11. Even if the narrator was shown the deluge in a vision, would he be in a position to tell if it was regional or global in scope? What was his geographical frame of reference? Would he recognize the Rockies, Andes, or Hindu Kush if he saw them in a vision? Modern people are able recognize landmarks from parts of the world they never visited. But prescientific observers on the ground lack that context, and even direct revelation doesn't automatically provide it.

1 comment:

  1. --There are multiple complications in attempting to correlate an extrabiblical flood tradition with Noah's flood. The best-known examples are Mesopotamian flood traditions. And these have some unmistakable parallels.--

    When Mesopotamian/Sumerian/Babylonian/etc sources are involved, the skeptic inevitably accused theOld Testament of copying from them via Jewish rabbis in Babylonian exile. You name it: the Deluge, Mosaic Law, the Tower of Babel, Abraham being from thereabouts.
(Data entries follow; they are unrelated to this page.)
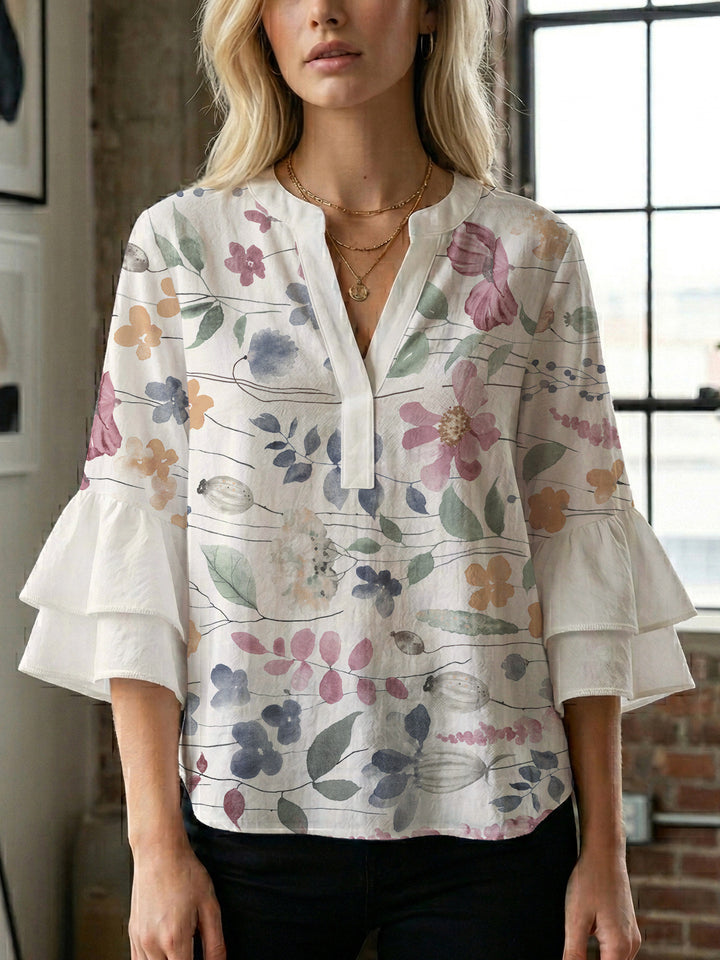 Dameblus med voluminösa ärmar och blommönster Mirla-Eva Jonsson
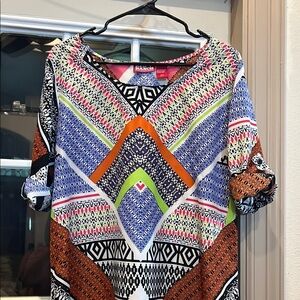 Blue and Orange Graphic Blouse with Dynamic Patterns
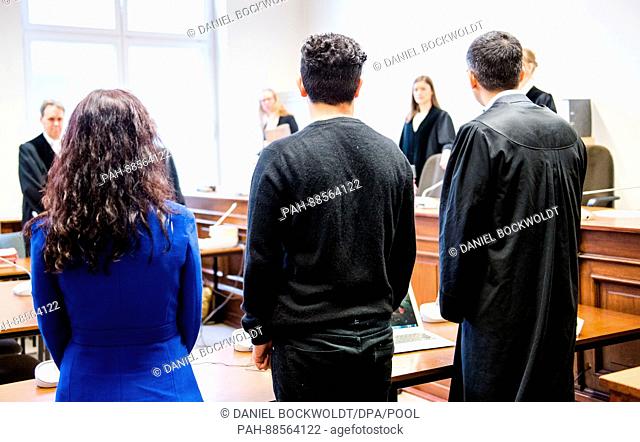 The accused Behzad S. (M) standing in the court next to his lawyer Shahryar Ebrahim-Nesbat (r) in Hamburg, Germany, 28 February 2017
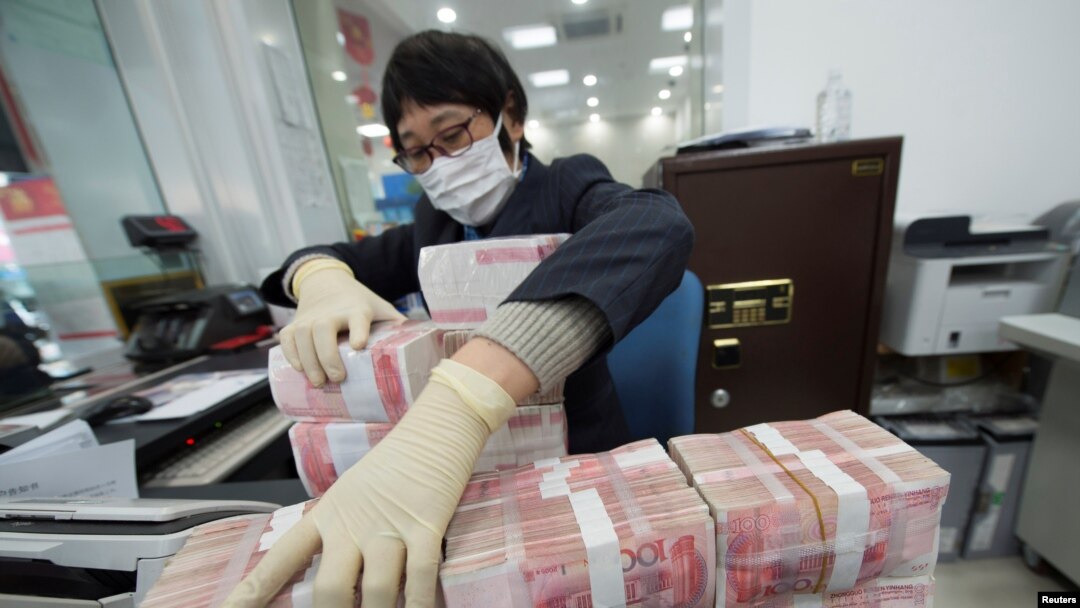 中国江苏省南通市一家银行的职员戴着口罩整理人民币钞票（2020年1月30日）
    --There's the danger of cultural "contamination," where the flood tradition the anthropologist records from some indigenous people-group is not in fact an independent flood tradition, but something they absorbed from Christian missionaries long before the anthropologist arrived on the scene.--

    In my recent overview of archaeology & the Bible, I focused only on the flood myths old enough to have low chance of such contamination - and especially those which 'inexplicably' have eight flood survivors.

    https://www.youtube.com/watch?v=LKqP4RVyoBE&t=135s (Flood at 0:02:03 onwards)

    For example, there is this Chinese tradition: https://en.wikipedia.org/wiki/Eight_Immortals#In_literature

    However, "made during the Ming (c. 14th-15th centuries), by an anonymous writer, called The Eight Immortals Cross the Sea (八仙過海; bā xiān guò hǎi)" is far too late and likely to be influenced by Biblical texts. After all, China and Rome had contact since before the advent of Christianity.